> Source data
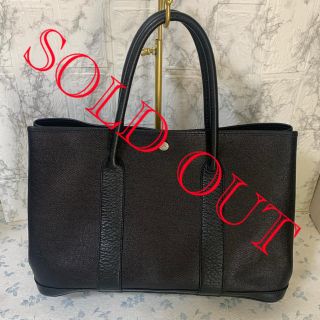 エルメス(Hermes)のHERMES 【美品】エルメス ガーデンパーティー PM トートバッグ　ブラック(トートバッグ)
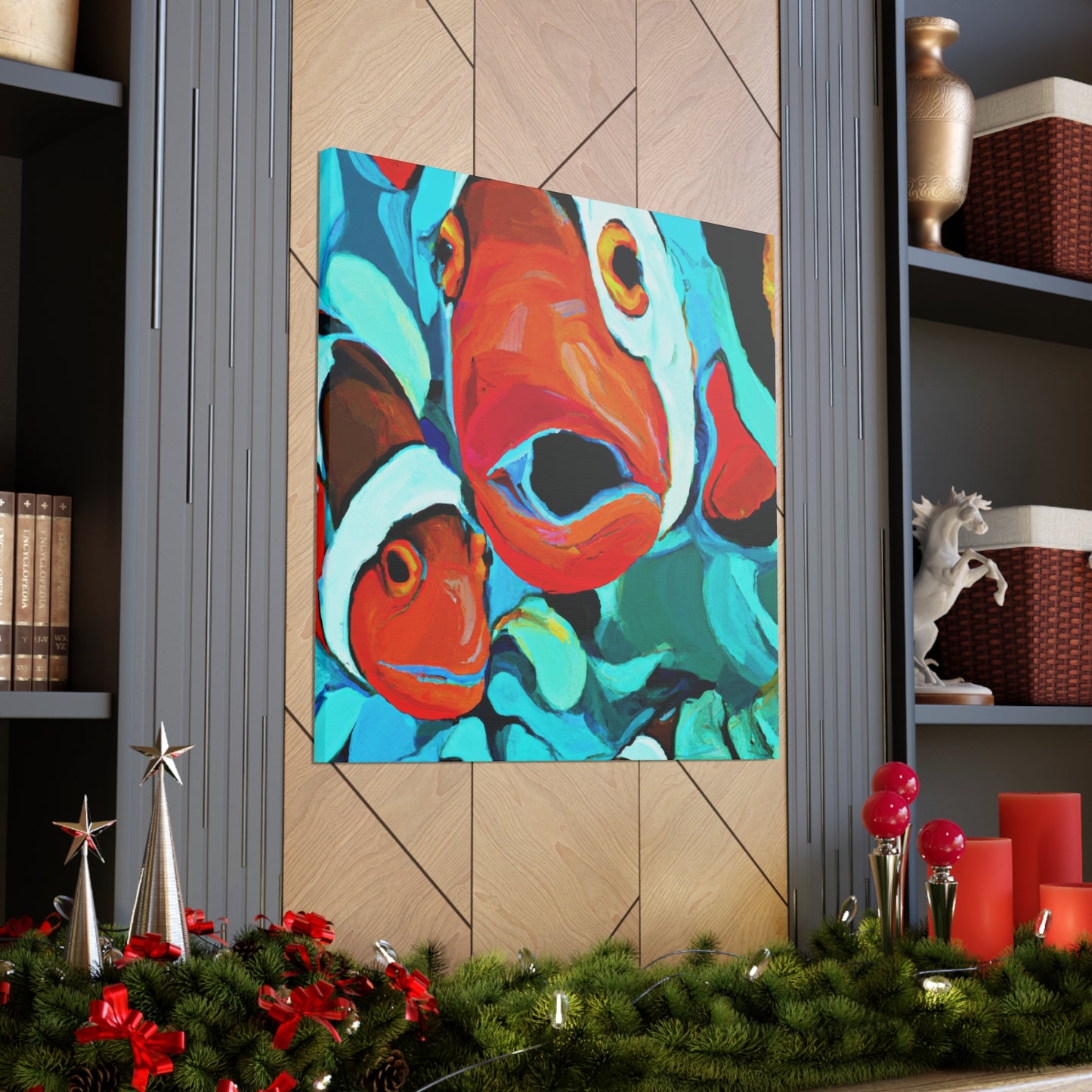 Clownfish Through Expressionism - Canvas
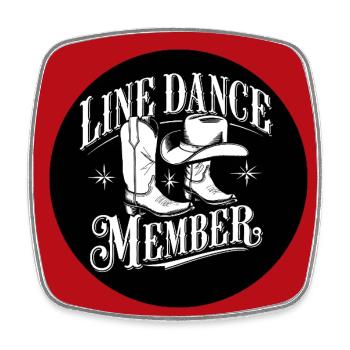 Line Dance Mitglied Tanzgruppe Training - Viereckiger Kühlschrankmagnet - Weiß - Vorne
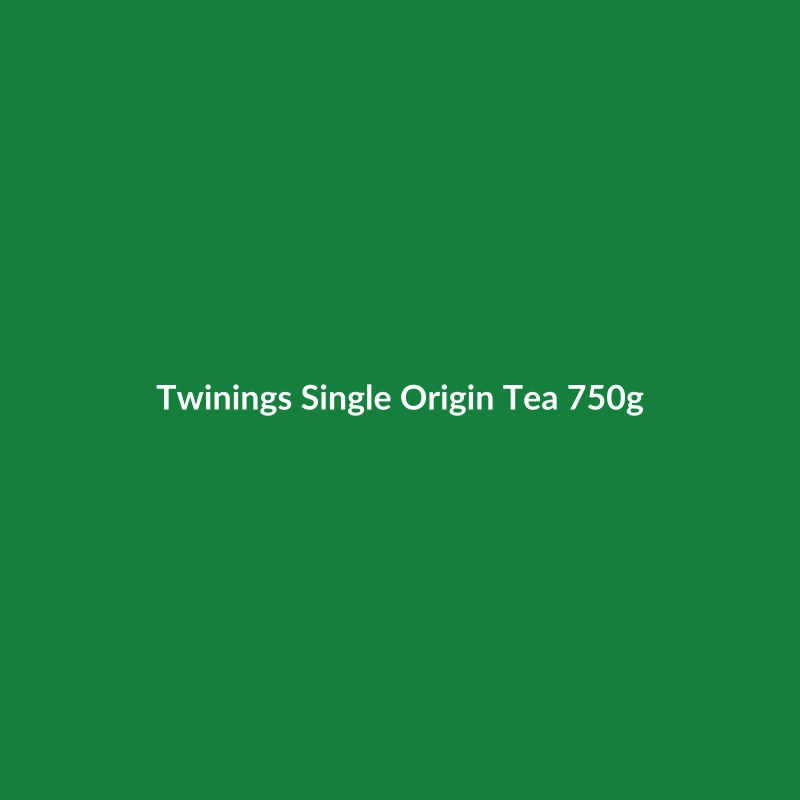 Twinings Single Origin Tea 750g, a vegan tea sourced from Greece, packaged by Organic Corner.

> Task objective
Without the pictures, give every line of the data again, exactly as written.

> Output below
 エルメス(Hermes)のHERMES 【美品】エルメス ガーデンパーティー PM トートバッグ　ブラック(トートバッグ)
 Clownfish Through Expressionism - Canvas
 Line Dance Mitglied Tanzgruppe Training - Viereckiger Kühlschrankmagnet - Weiß - Vorne
 Twinings Single Origin Tea 750g, a vegan tea sourced from Greece, packaged by Organic Corner.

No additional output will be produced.